RTK-GPS, IMU, and Multi-Sensor Localization: First Principles

RTK-GPS, IMU, and Multi-Sensor Localization: First Principles curated visual

Visual: multi-sensor localization factor graph connecting GNSS/RTK, IMU preintegration, wheel odometry, LiDAR localization, frames, and GPS-denied fallback.

The Localization Foundation for the reference airside AV stack's GTSAM Factor Graph

1. GNSS Fundamentals

1.1 How GPS Positioning Works

Each satellite broadcasts: "I am at position (X_s, Y_s, Z_s) at time T_s"

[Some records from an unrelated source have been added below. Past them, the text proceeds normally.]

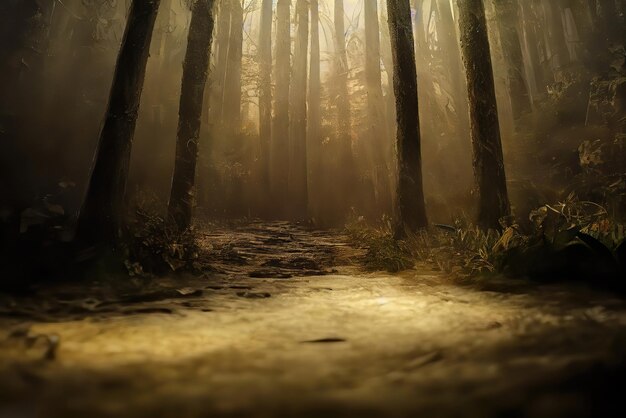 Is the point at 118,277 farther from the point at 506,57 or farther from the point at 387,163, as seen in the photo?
the point at 506,57

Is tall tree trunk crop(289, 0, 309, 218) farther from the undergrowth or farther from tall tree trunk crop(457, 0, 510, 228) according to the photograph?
tall tree trunk crop(457, 0, 510, 228)

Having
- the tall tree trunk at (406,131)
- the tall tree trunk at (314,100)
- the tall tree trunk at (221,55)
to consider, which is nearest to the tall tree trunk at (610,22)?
the tall tree trunk at (406,131)

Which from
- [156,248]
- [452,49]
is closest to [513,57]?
[452,49]

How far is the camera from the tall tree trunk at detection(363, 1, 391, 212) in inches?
595

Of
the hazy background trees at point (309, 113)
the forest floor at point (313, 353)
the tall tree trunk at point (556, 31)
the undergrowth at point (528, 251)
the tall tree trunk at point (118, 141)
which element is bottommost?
the forest floor at point (313, 353)

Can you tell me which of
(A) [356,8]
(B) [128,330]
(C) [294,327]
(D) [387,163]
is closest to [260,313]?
(C) [294,327]

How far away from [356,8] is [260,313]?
25344 mm

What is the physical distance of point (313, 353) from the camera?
2.12 metres

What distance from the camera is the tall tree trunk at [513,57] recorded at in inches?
508

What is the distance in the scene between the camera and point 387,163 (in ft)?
53.3

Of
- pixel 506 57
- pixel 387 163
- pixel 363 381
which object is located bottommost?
pixel 363 381

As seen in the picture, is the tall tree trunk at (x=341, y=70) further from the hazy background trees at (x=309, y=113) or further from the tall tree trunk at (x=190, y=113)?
the tall tree trunk at (x=190, y=113)

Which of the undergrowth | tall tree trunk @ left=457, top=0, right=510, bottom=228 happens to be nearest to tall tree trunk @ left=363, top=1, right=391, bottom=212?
the undergrowth

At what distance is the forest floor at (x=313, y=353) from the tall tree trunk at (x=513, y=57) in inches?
437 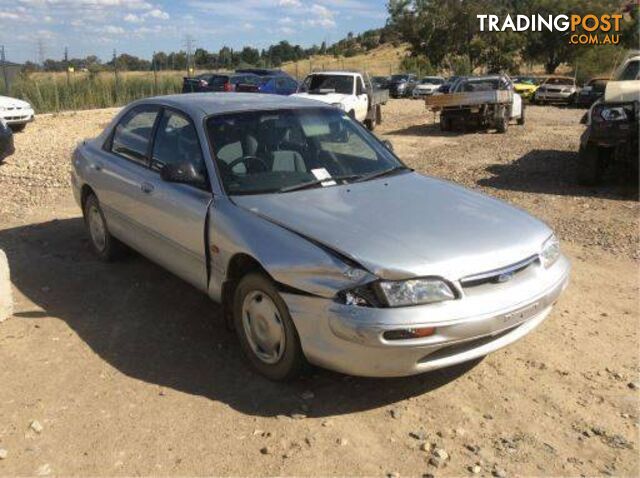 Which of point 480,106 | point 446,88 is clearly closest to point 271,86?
point 480,106

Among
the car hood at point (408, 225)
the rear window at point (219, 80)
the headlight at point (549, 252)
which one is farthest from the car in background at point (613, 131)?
the rear window at point (219, 80)

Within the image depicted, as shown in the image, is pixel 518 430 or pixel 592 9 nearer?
pixel 518 430

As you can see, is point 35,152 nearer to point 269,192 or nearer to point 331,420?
point 269,192

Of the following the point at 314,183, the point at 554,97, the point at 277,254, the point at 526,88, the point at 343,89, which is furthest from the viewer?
the point at 526,88

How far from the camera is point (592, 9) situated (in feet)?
182

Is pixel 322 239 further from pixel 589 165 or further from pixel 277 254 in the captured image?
pixel 589 165

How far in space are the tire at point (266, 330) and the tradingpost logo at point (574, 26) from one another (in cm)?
4498

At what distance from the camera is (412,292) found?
3.07 m

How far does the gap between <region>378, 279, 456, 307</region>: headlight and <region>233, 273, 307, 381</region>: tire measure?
1.95 ft

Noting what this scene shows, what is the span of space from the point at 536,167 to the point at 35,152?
9.25 m

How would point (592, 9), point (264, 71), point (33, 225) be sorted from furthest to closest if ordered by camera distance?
1. point (592, 9)
2. point (264, 71)
3. point (33, 225)

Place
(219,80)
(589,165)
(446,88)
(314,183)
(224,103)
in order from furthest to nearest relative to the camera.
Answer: (446,88) < (219,80) < (589,165) < (224,103) < (314,183)

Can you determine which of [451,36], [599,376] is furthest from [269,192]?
[451,36]

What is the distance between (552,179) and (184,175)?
299 inches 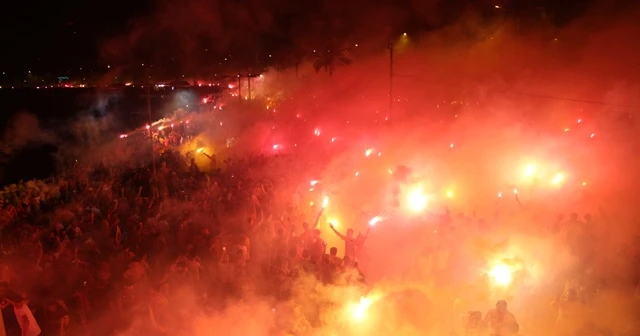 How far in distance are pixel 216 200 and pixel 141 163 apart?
3.89 meters

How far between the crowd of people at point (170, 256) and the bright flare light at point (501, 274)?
0.56 meters

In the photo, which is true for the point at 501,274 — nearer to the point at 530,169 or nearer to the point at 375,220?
the point at 375,220

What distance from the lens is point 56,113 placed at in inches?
490

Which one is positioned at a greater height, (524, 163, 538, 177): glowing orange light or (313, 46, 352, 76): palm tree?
(313, 46, 352, 76): palm tree

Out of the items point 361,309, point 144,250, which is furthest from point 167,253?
point 361,309

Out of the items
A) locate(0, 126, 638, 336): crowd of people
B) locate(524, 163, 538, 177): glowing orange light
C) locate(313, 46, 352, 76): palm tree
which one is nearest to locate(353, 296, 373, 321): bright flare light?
locate(0, 126, 638, 336): crowd of people

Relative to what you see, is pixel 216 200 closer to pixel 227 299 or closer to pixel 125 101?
pixel 227 299

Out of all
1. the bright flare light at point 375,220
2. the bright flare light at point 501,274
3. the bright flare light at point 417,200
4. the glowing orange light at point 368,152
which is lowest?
the glowing orange light at point 368,152

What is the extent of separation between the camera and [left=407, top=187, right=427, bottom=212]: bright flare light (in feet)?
27.8

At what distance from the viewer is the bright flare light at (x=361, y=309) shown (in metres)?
5.08

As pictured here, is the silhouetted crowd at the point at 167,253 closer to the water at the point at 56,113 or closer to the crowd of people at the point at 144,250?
the crowd of people at the point at 144,250

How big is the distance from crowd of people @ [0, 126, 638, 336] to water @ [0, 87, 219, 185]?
3.99m

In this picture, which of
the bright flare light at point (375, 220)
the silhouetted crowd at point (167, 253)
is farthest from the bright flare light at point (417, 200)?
the silhouetted crowd at point (167, 253)

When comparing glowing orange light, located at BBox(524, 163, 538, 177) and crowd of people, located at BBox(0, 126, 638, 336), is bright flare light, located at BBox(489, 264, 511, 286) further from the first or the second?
glowing orange light, located at BBox(524, 163, 538, 177) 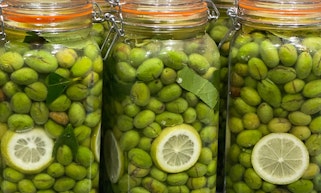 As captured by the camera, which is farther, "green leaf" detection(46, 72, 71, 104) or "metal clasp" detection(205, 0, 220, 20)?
"metal clasp" detection(205, 0, 220, 20)

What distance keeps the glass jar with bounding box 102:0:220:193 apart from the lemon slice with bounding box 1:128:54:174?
10 cm

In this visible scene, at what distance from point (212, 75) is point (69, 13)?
18 cm

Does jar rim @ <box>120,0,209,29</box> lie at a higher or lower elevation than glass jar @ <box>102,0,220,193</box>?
higher

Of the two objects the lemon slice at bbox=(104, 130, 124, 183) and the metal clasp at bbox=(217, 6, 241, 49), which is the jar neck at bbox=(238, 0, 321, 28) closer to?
the metal clasp at bbox=(217, 6, 241, 49)

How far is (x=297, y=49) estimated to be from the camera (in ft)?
2.19

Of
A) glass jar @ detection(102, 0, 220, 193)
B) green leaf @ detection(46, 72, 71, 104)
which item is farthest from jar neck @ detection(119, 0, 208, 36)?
green leaf @ detection(46, 72, 71, 104)

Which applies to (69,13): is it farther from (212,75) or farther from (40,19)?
(212,75)

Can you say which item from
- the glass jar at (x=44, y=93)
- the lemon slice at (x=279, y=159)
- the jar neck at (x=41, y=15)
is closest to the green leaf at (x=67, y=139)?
the glass jar at (x=44, y=93)

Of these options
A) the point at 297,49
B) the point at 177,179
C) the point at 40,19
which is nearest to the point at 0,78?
the point at 40,19

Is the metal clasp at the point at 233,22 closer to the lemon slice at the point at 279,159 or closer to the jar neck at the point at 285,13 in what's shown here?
the jar neck at the point at 285,13

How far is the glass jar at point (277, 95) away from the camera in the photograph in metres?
0.67

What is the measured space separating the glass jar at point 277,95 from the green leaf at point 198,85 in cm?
3

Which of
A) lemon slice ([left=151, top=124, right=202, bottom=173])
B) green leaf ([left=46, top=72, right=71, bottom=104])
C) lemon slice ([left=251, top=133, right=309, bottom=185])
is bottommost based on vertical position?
lemon slice ([left=251, top=133, right=309, bottom=185])

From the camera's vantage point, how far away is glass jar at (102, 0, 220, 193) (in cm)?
66
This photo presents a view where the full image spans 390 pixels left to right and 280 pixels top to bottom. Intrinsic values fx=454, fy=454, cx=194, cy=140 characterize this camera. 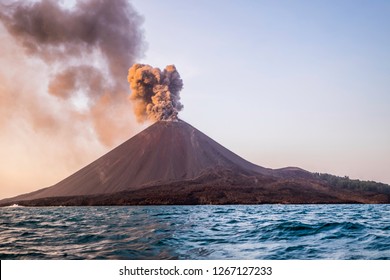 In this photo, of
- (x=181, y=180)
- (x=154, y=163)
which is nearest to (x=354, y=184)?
(x=181, y=180)

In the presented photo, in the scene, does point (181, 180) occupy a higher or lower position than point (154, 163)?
lower

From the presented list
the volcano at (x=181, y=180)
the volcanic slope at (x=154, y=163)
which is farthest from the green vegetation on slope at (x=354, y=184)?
the volcanic slope at (x=154, y=163)

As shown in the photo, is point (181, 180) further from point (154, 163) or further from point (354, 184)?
point (354, 184)

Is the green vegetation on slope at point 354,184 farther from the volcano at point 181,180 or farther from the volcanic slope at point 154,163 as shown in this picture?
the volcanic slope at point 154,163

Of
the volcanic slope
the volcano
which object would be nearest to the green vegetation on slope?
the volcano

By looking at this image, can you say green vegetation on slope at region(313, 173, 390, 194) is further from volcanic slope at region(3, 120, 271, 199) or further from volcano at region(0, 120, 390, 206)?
volcanic slope at region(3, 120, 271, 199)

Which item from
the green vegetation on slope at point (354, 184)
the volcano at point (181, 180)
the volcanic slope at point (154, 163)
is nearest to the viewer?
the green vegetation on slope at point (354, 184)

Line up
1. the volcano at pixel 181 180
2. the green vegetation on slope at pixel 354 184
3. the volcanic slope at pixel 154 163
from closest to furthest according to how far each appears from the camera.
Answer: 1. the green vegetation on slope at pixel 354 184
2. the volcano at pixel 181 180
3. the volcanic slope at pixel 154 163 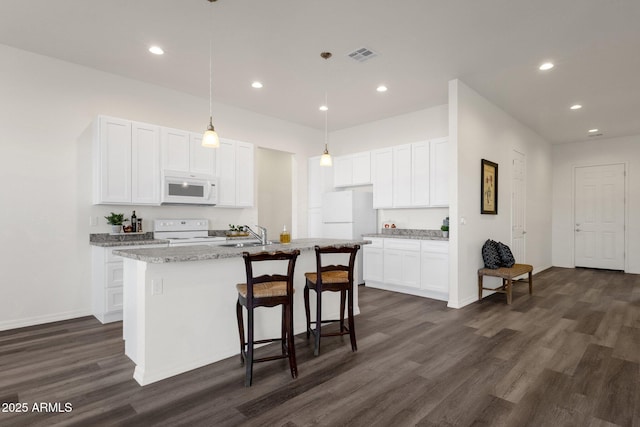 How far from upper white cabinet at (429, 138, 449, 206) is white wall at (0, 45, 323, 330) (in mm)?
4146

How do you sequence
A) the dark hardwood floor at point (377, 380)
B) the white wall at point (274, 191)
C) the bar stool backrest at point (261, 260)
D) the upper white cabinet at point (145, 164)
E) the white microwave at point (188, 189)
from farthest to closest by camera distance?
the white wall at point (274, 191) → the white microwave at point (188, 189) → the upper white cabinet at point (145, 164) → the bar stool backrest at point (261, 260) → the dark hardwood floor at point (377, 380)

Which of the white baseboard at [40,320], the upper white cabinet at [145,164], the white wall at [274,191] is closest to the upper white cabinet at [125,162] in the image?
the upper white cabinet at [145,164]

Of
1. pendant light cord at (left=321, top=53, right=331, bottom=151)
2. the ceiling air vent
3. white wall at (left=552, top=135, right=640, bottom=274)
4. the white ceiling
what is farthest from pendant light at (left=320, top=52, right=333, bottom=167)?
white wall at (left=552, top=135, right=640, bottom=274)

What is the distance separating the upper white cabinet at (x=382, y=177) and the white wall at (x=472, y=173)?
1.35 m

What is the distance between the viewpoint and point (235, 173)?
202 inches

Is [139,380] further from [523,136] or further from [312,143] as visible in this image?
[523,136]

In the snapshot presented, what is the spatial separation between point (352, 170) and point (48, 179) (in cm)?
455

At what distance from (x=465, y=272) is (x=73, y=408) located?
4367 mm

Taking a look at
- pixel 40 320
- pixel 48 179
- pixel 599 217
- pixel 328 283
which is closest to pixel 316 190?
pixel 328 283

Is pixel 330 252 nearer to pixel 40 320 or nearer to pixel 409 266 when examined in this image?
pixel 409 266

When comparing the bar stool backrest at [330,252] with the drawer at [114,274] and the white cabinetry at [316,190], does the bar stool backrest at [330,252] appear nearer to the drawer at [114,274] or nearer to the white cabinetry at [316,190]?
the drawer at [114,274]

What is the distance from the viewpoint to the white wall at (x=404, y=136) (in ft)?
18.1

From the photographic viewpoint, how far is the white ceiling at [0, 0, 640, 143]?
2.95 metres

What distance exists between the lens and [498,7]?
290cm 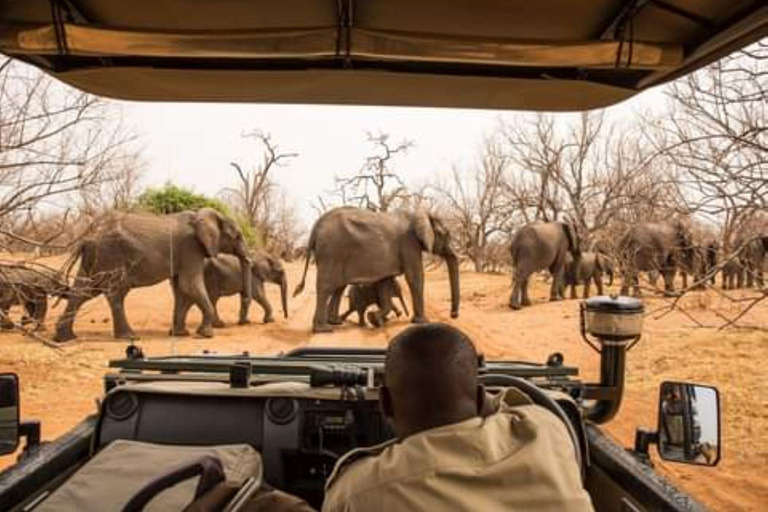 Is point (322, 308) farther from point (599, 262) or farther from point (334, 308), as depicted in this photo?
point (599, 262)

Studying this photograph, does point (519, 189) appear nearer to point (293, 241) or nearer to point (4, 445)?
point (293, 241)

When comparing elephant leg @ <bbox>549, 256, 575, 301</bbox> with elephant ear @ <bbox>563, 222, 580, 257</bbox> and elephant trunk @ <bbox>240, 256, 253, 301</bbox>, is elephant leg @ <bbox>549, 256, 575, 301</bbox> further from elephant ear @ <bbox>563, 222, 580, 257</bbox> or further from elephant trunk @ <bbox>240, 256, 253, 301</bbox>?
elephant trunk @ <bbox>240, 256, 253, 301</bbox>

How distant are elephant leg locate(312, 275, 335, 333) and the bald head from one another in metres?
13.3

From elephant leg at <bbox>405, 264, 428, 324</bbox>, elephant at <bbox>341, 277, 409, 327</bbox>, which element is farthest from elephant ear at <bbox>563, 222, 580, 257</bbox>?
elephant leg at <bbox>405, 264, 428, 324</bbox>

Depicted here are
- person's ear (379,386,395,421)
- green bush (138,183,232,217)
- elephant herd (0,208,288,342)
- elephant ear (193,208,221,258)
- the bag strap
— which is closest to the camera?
the bag strap

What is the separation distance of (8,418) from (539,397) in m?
1.68

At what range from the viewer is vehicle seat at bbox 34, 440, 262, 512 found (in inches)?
71.9

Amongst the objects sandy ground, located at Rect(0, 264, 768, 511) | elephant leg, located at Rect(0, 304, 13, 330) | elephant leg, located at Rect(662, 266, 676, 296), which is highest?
elephant leg, located at Rect(662, 266, 676, 296)

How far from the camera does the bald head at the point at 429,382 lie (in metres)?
1.50

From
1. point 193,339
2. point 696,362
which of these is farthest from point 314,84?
point 193,339

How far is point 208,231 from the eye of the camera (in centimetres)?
1467

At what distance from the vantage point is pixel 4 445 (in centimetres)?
235

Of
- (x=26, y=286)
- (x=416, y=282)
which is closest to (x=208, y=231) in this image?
(x=416, y=282)

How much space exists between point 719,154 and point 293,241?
54.2 meters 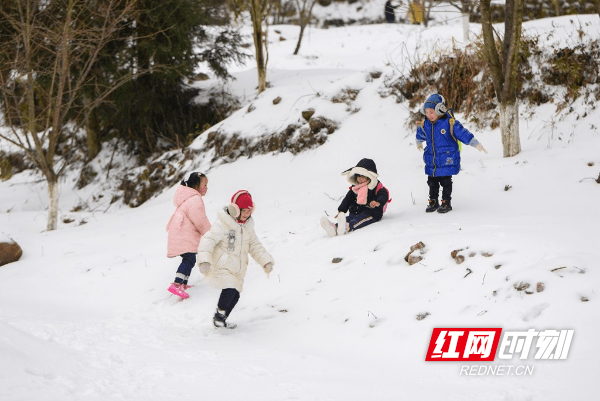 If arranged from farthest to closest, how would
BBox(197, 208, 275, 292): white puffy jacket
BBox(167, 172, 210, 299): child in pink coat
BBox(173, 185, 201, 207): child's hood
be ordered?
BBox(173, 185, 201, 207): child's hood
BBox(167, 172, 210, 299): child in pink coat
BBox(197, 208, 275, 292): white puffy jacket

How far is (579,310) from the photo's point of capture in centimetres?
402

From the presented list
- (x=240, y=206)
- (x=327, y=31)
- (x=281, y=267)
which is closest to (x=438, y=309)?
(x=240, y=206)

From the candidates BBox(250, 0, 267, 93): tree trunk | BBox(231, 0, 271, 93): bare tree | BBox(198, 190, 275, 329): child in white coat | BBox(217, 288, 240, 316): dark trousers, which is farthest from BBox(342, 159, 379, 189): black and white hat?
BBox(250, 0, 267, 93): tree trunk

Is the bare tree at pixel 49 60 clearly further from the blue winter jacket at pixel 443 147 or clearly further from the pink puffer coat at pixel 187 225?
the blue winter jacket at pixel 443 147

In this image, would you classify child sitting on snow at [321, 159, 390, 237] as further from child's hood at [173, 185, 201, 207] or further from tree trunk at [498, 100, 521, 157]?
tree trunk at [498, 100, 521, 157]

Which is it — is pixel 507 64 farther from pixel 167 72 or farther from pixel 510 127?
pixel 167 72

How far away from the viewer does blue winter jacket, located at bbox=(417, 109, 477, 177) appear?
7117 mm

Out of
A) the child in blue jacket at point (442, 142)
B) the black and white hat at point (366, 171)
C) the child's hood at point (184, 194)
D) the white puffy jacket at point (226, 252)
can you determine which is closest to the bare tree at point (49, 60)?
the child's hood at point (184, 194)

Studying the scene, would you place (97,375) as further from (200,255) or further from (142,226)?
(142,226)

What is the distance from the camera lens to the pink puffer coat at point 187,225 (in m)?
6.69

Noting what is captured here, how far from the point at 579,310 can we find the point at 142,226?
8.31 metres

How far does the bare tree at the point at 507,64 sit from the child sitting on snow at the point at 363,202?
288cm

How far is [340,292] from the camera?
18.1ft

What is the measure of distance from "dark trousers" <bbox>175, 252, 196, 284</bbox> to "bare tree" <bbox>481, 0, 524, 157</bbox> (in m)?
5.53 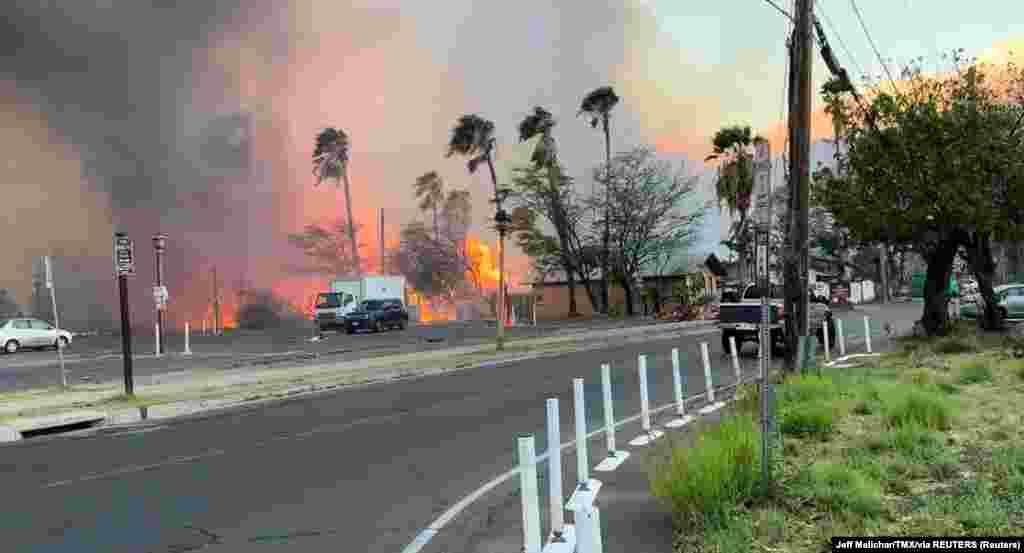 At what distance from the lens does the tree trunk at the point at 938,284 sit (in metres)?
22.4

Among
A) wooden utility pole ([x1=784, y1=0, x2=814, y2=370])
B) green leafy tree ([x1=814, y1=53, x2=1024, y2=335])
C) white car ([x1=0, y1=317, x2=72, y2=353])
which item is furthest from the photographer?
white car ([x1=0, y1=317, x2=72, y2=353])

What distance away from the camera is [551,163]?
190 feet

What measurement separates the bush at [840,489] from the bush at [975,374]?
24.3ft

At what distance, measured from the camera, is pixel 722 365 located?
19.9m

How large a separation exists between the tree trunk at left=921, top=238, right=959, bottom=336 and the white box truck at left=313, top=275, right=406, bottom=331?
27.8 m

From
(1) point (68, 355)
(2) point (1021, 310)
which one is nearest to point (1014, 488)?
(2) point (1021, 310)

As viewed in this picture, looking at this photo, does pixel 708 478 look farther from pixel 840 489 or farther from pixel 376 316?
pixel 376 316

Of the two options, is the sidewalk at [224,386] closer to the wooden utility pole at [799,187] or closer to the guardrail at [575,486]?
the guardrail at [575,486]

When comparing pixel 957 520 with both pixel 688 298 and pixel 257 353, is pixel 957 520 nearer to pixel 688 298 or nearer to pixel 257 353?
pixel 257 353

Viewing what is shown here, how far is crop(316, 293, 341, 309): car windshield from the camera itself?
4462 cm

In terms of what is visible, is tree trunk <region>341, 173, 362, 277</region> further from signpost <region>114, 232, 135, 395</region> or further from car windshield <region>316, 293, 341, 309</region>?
signpost <region>114, 232, 135, 395</region>

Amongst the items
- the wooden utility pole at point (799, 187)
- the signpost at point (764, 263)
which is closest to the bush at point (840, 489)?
the signpost at point (764, 263) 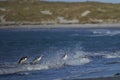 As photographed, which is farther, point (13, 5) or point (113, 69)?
point (13, 5)

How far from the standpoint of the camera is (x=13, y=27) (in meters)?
74.0

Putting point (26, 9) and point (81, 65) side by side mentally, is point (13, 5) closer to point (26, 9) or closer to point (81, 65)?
point (26, 9)

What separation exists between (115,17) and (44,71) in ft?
234

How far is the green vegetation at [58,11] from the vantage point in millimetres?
88206

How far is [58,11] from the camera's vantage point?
9950 centimetres

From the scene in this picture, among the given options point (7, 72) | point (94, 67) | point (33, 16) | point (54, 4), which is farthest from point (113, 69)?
point (54, 4)

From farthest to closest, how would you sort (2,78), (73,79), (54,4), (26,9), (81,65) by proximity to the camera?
1. (54,4)
2. (26,9)
3. (81,65)
4. (2,78)
5. (73,79)

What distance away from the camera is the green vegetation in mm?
88206

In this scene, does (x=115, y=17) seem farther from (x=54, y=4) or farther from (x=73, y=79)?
(x=73, y=79)

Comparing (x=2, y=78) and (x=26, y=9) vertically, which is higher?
(x=2, y=78)

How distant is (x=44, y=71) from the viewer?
66.9 ft

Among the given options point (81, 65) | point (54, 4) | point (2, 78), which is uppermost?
point (2, 78)

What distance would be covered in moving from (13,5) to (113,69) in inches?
3145

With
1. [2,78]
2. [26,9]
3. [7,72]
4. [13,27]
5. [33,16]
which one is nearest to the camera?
[2,78]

Receiver measures: time of arrival T_r
Pseudorange: ρ = c · (T_r - T_s) = true_range + c · δt_receiver

For 4+ satellites:
  ρ_1 = ||P_user - P_sat1|| + c·δt
  ρ_2 = ||P_user - P_sat2|| + c·δt
  ρ_3 = ||P_user - P_sat3|| + c·δt
  ρ_4 = ||P_user - P_sat4|| + c·δt

4 equations, 4 unknowns: (X, Y, Z, δt) → solve via least squares
Standard accuracy: 2-5m horizontal (civilian GPS)

1.2 Multi-Constellation (GNSS)

GPS (US):      31 satellites, L1 (1575.42 MHz), L2 (1227.60 MHz), L5 (1176.45 MHz)
GLONASS (RU):  24 satellites, L1 (1602 MHz), L2 (1246 MHz)
Galileo (EU):  30 satellites, E1 (1575.42 MHz), E5 (1191.795 MHz)
BeiDou (CN):   35+ satellites, B1 (1561.098 MHz), B2 (1207.14 MHz)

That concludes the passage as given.